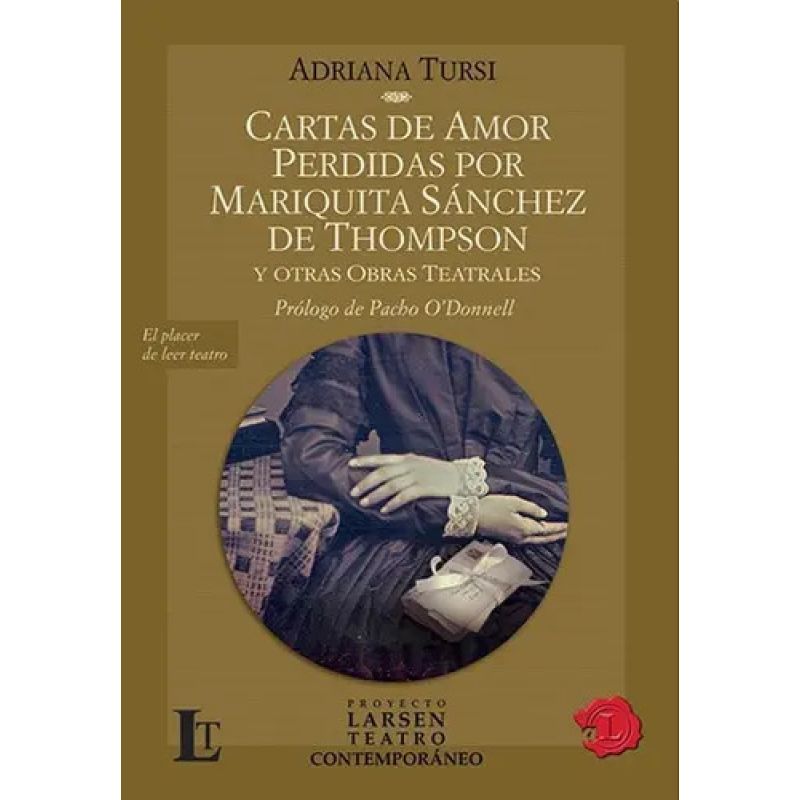CARTAS DE AMOR PERDIDAS POR MARIQUITA SANCHEZ DE THOMPSON Y OTRAS OBRAS TEATRALES (Nuevo)
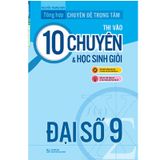 Tổng Hợp Chuyên Đề Trọng Tâm Thi Vào 10 Chuyên Và Học Sinh Giỏi - Đại Số 9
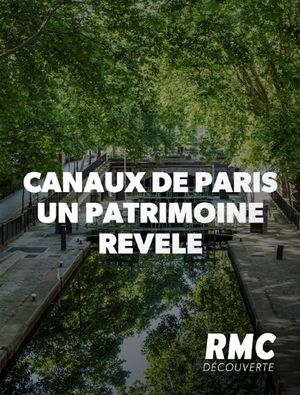 Les canaux de Paris: Un patrimoine révélé's poster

· · · · ·

What you are asked to do — The response should restate the material above word for word and contain no pictures.

Written answer —
CARTAS DE AMOR PERDIDAS POR MARIQUITA SANCHEZ DE THOMPSON Y OTRAS OBRAS TEATRALES (Nuevo)
 Tổng Hợp Chuyên Đề Trọng Tâm Thi Vào 10 Chuyên Và Học Sinh Giỏi - Đại Số 9
 Les canaux de Paris: Un patrimoine révélé's poster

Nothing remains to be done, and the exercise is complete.